Ce village n'a rien en commun avec ce que nous avons vu jusqu'alors. Toutes les maisons sont faites de planches de bois, et la plupart sont surélevées (pour ne pas être submergées les jours de pluie). La sècheresse des montagnes de Villque a laissé place à une forêt dense et verdoyante. Nous pouvons voir des manguiers à tous les coins de rues. Il semblerait que ce soit l'arbre qui fasse le plus d'ombre. C'est une chance pour nous qui n'aurons qu'à tendre la main pour cueillir des mangues et les déguster. Et puis nous ouvrons la portière... J'ai l'impression de ne pas pouvoir respirer. Pour moi, il y a plus d'eau que d'oxygène dans cet air! C'est suffocant : 35° et aux alentours de 80% d'humidité... A peine ai-je posé un pied sur cette terre que je sais que jamais je ne pourrai vivre ici. Pourtant, une journée de travail nous attend pour que les salles de classe et les habitations pour le personnel de santé soient prêtes pour l'inauguration. Faible française que je suis, à plusieurs reprises je frôlais l'évanouissement. Mais nous terminons enfin le travail.
Le soir, nous dégustons un plat typique. C'est fait à base de riz avec des petits-pois, du poulet, une sauce excellente et une banane frite sur le dessus...succulent. La cuisinière et sa famille nous expliquent qu'il n'y pas d'électricité ici. La plupart des maisons ont des panneaux solaires mais tous n'ont pas cette chance... Puis vient l'heure tant espérée de la douche... Je n'ai même pas le temps d'en sortir que la chaleur m'assaille de nouveau. Je ne pourrai définitivement jamais vivre ici! Avec les volontaires et quelques employés de l'ONG, nous partons alors à la recherche de bière fraîche. La soirée est excellente. C'est dans ces moments que nous partageons le plus avec les membres de MMB. Nous apprenons à les connaître et ils essaient d'apprendre quelques mots de français : «cul-sec»...

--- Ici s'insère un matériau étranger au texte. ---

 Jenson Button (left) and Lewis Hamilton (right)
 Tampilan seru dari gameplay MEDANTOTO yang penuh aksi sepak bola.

La nuit qui suit est un calvaire! La chaleur ne cesse que lorsque la pluie s'abat sur la région... Malgré l'épaisse couche de nuage, au matin la chaleur n'est pas loin. Je décide donc de revêtir le short pour la journée. Mes jambes blanches attisent la curiosité des enfants de Campo Vibóra. Et quand je leur confirme que c'est bien ma couleur naturelle, cela les amuse beaucoup... Quelques détails à peaufiner, et l'inauguration débute. Le groupe d'américains de Mano a Mano USA arrive en retard tout comme les représentants de l'entreprise pétrolière qui a financé une partie du projet. Ces derniers débarquent d'ailleurs avec une affiche publicitaire de leur entreprise qu'ils installent à côté des personnes importantes pour qu'elle ressorte sur les photos prises par le professionnel qu'ils ont embauché pour les suivre...!

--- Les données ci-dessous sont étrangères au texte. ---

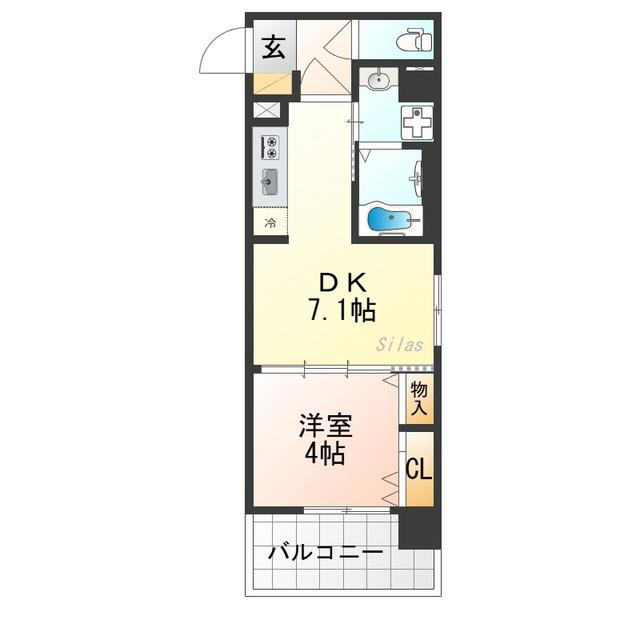 ベラジオ雅び京都西院II(1DK/5階)の間取り写真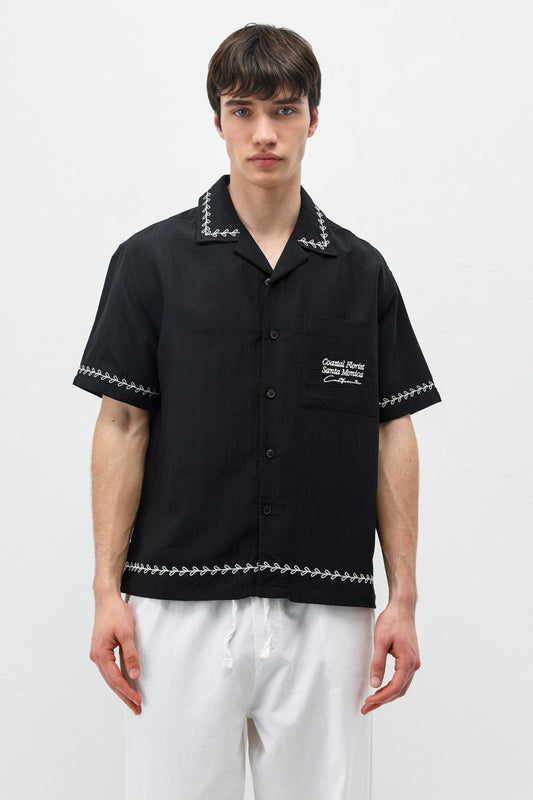 Oversized Linen Shirt with Printed Text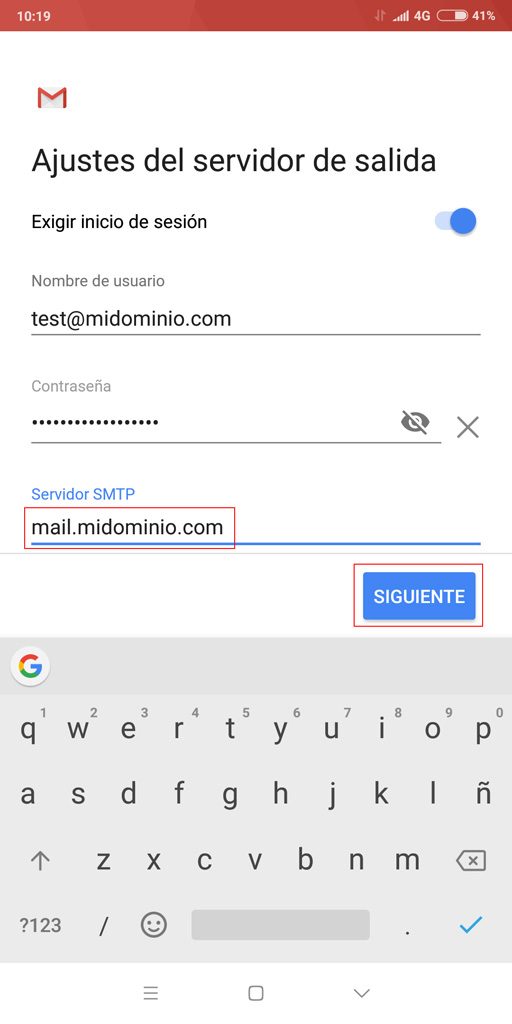 Ajustes del servidor de salida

Les discours de remerciement défilent et nous assistons à une danse des élèves de Campo Vibora. Quand vient le moment d'envahir leur nouvelle salle de classe, leurs yeux s'éclairent et des sourires envahissent les visages. Ce sont ces moments-là que je préfère : les enfants s'assoient à leurs nouveaux pupitres et laissent leur esprit vagabonder. Nous nous rendons ensuite aux habitations pour le personnel de santé (près du centre de santé construit par MMB il y a quelques années).

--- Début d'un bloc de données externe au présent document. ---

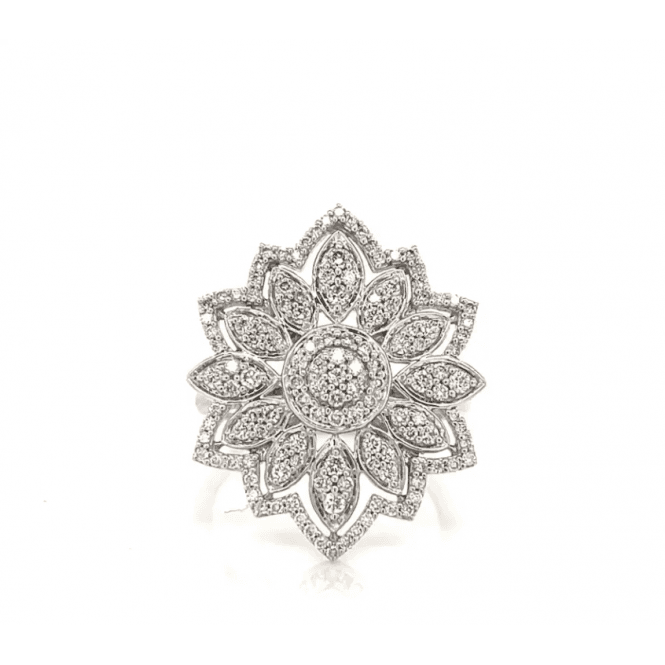 9ct White Gold Fancy Flower Shaped Diamond Cluster Ring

Un repas nous est offert et nous rentrons dans nos voitures en priant pour que l'air conditionné fonctionne...
Les inaugurations s'enchaînent mais chaque communauté est différente. Et à chaque fois, je ressens une certaine forme de fierté -même si je ne suis pas sûre que ce soit bien sain!-, à faire partie de ce mouvement.